**Exercise**
Strip the pictures, then copy the remaining data exactly as it stands.

[Dataset items]
........
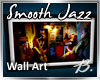 *B* Smooth Jazz Art 4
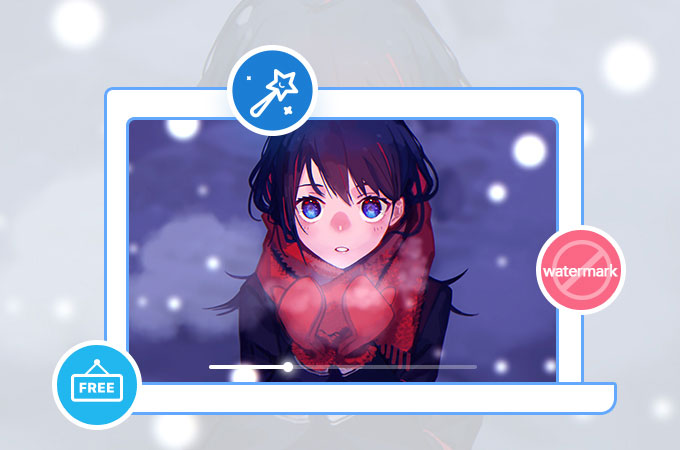 video maker without watermark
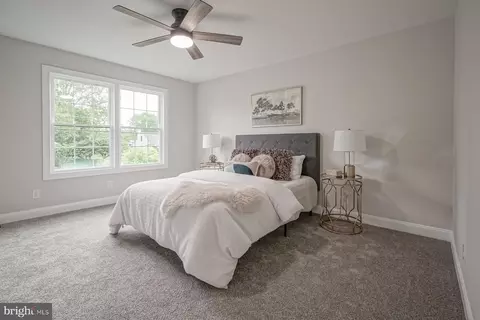 Bedroom - 440 N Packard St, Hammonton, NJ 08037 photo 7 of 7
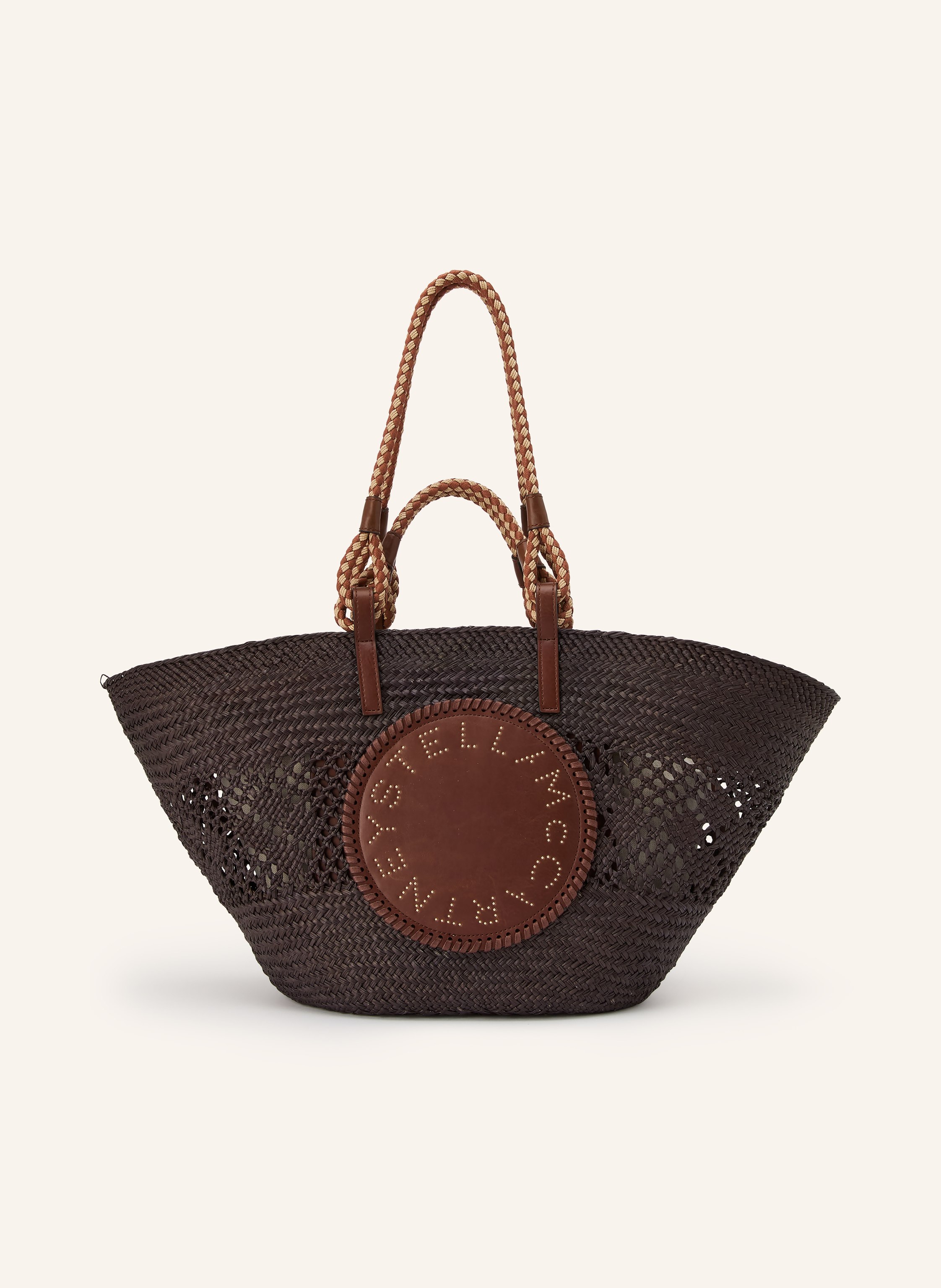 STELLA McCARTNEY Shopper LARGE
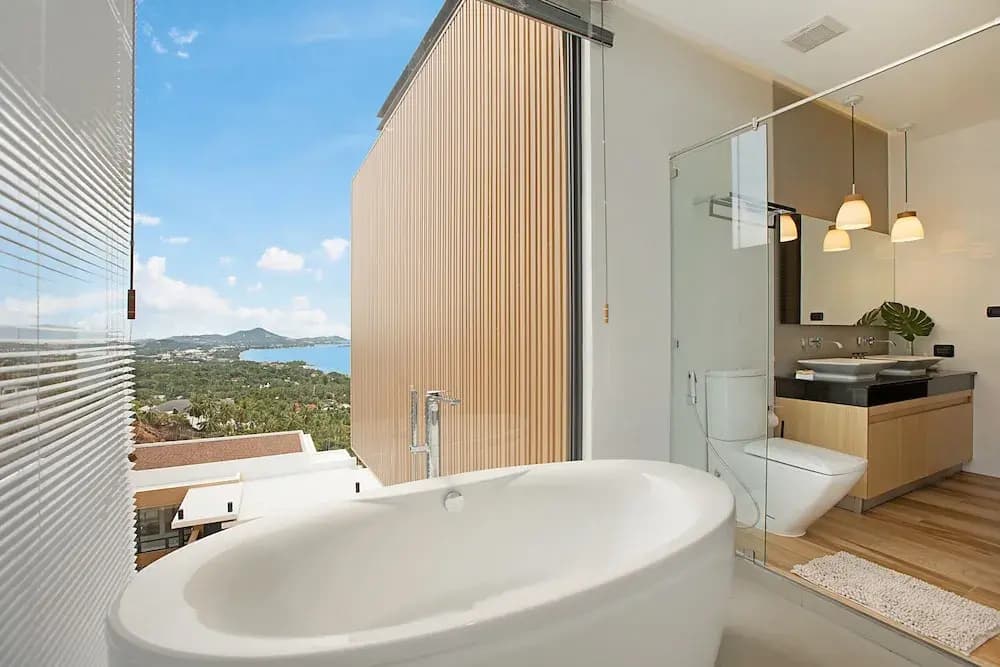 Samui Villa Alondra - photo 3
........
**Expected answer**
 *B* Smooth Jazz Art 4
 video maker without watermark
 Bedroom - 440 N Packard St, Hammonton, NJ 08037 photo 7 of 7
 STELLA McCARTNEY Shopper LARGE
 Samui Villa Alondra - photo 3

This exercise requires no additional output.